Go line by line through the records below. Copy whichever lines contain the string "Wall".

Records from a data collection:
::::::

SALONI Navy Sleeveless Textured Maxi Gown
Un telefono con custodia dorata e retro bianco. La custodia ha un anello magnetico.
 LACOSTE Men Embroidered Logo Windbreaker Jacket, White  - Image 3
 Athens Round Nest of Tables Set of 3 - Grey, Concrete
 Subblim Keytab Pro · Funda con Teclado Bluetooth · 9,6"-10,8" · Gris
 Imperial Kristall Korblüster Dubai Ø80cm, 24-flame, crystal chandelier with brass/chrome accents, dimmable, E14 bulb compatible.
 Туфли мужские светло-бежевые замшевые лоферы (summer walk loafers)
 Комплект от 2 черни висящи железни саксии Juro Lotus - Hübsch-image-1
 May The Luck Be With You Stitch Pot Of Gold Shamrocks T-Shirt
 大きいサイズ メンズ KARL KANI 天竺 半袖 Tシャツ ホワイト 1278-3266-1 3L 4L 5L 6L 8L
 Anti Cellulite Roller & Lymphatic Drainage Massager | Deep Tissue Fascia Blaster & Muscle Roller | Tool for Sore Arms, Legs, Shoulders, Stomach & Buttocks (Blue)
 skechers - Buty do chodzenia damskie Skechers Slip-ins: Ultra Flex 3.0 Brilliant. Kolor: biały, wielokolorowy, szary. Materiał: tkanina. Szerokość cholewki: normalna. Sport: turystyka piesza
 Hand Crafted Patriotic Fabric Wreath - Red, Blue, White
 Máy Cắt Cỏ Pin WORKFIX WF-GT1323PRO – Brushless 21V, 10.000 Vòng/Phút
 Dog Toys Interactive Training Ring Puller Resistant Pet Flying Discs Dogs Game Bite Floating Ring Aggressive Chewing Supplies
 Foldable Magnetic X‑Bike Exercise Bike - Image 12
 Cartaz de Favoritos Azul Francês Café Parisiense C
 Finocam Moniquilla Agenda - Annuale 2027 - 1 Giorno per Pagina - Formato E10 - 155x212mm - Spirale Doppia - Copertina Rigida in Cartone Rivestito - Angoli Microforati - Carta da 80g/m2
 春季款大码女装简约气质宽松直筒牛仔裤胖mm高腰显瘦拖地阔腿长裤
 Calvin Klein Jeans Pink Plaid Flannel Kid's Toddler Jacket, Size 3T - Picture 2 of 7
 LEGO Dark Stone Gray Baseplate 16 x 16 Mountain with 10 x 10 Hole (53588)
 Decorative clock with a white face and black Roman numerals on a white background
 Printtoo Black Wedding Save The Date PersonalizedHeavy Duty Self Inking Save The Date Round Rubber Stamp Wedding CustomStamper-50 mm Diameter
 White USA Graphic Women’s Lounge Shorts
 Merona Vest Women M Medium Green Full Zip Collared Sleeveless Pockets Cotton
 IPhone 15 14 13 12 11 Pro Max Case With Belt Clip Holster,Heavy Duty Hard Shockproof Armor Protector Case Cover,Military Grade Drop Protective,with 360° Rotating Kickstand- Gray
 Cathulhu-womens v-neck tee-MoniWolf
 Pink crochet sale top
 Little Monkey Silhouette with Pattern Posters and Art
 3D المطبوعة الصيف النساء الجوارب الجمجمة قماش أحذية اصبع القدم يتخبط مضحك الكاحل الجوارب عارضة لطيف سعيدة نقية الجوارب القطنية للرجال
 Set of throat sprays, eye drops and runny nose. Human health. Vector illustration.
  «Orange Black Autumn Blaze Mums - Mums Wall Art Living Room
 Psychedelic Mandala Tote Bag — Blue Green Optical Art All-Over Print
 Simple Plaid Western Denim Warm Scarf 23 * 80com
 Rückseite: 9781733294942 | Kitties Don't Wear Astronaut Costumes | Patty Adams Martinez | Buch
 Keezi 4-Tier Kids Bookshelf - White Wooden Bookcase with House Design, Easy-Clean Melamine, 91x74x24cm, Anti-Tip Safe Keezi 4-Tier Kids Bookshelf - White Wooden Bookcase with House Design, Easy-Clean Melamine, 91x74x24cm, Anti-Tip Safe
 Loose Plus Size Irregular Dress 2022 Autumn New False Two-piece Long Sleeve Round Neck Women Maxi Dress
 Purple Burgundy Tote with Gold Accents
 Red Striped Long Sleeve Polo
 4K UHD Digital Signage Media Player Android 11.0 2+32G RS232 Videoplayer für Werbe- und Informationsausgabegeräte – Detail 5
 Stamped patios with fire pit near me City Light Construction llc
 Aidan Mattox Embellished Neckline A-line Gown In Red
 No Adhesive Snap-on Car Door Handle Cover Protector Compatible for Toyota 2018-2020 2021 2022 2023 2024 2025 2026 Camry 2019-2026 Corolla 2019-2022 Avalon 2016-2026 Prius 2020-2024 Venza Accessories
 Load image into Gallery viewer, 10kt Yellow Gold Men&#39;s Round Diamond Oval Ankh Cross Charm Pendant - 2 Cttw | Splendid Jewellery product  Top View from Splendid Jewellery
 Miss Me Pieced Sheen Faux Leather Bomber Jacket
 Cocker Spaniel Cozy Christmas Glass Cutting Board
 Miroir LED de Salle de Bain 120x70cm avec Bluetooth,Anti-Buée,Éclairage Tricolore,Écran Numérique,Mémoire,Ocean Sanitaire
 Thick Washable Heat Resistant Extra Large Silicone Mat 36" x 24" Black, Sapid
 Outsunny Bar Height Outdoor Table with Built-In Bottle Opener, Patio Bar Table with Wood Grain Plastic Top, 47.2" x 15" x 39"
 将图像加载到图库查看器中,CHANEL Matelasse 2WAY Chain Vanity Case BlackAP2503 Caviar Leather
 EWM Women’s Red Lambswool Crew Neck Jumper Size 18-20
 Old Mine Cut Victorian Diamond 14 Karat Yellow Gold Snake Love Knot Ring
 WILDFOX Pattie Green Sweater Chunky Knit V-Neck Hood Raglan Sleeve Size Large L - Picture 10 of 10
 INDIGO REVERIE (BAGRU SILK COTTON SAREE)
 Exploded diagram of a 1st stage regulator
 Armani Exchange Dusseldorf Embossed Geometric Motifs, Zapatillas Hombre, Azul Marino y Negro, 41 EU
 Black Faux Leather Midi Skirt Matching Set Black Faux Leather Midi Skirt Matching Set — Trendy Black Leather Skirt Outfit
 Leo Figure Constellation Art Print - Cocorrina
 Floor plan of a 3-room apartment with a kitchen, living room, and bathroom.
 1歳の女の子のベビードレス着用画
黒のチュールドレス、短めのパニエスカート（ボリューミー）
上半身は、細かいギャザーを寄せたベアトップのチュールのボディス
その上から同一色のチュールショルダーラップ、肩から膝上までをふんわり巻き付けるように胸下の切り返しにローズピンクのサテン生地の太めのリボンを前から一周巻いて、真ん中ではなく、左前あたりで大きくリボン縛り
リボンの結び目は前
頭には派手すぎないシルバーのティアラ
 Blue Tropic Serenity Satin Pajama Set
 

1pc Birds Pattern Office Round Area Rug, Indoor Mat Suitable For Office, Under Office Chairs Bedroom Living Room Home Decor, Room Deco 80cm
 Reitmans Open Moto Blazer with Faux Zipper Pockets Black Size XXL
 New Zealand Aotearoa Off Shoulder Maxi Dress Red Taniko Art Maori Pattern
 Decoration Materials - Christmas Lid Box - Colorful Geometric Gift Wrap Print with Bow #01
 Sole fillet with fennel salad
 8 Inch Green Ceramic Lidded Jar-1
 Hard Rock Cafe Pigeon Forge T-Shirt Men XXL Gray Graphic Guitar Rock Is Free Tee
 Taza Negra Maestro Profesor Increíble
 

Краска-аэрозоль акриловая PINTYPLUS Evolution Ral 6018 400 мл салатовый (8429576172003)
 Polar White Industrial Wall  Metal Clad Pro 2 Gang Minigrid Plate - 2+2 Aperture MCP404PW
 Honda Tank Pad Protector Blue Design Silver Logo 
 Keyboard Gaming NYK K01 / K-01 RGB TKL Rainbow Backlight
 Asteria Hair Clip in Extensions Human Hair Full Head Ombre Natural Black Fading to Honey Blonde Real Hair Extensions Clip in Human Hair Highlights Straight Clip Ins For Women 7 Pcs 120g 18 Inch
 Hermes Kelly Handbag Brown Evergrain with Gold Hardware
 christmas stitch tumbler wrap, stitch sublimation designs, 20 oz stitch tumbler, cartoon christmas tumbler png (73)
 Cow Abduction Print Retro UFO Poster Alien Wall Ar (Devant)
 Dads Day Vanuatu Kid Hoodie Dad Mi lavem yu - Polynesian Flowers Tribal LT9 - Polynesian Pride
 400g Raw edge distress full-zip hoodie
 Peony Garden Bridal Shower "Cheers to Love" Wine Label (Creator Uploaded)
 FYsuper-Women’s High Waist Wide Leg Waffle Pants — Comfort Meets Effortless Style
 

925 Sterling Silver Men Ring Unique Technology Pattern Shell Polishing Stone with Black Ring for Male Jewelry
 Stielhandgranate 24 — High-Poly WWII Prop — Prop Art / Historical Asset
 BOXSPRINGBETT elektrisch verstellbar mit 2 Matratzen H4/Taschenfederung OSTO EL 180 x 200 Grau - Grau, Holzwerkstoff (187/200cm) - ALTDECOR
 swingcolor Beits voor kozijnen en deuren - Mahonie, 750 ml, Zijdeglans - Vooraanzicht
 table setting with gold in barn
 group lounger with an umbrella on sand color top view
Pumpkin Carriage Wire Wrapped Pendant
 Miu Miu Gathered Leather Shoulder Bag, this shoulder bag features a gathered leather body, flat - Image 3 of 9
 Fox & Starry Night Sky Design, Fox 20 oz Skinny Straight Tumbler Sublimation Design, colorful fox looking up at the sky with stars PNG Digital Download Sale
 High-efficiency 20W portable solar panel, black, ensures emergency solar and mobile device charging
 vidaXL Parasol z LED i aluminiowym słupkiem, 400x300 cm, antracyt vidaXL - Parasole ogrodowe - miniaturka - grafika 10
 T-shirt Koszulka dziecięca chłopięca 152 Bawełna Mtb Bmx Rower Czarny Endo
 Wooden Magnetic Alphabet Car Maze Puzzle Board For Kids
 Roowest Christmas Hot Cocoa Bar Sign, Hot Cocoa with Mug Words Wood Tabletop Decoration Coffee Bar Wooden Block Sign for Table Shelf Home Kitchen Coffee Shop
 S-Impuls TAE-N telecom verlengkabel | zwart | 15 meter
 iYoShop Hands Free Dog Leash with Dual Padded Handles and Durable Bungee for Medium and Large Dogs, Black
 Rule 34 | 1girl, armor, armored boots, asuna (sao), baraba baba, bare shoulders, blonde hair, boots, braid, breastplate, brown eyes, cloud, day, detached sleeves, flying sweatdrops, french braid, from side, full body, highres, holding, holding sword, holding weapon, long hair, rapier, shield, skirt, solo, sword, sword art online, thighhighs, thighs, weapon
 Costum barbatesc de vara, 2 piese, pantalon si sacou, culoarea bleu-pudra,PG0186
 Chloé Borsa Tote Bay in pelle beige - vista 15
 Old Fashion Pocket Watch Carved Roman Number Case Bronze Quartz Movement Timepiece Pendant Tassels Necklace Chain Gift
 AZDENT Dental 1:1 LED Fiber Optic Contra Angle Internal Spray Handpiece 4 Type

::::::

**WRITTEN ANSWER:**
  «Orange Black Autumn Blaze Mums - Mums Wall Art Living Room
 Polar White Industrial Wall  Metal Clad Pro 2 Gang Minigrid Plate - 2+2 Aperture MCP404PW
 Cow Abduction Print Retro UFO Poster Alien Wall Ar (Devant)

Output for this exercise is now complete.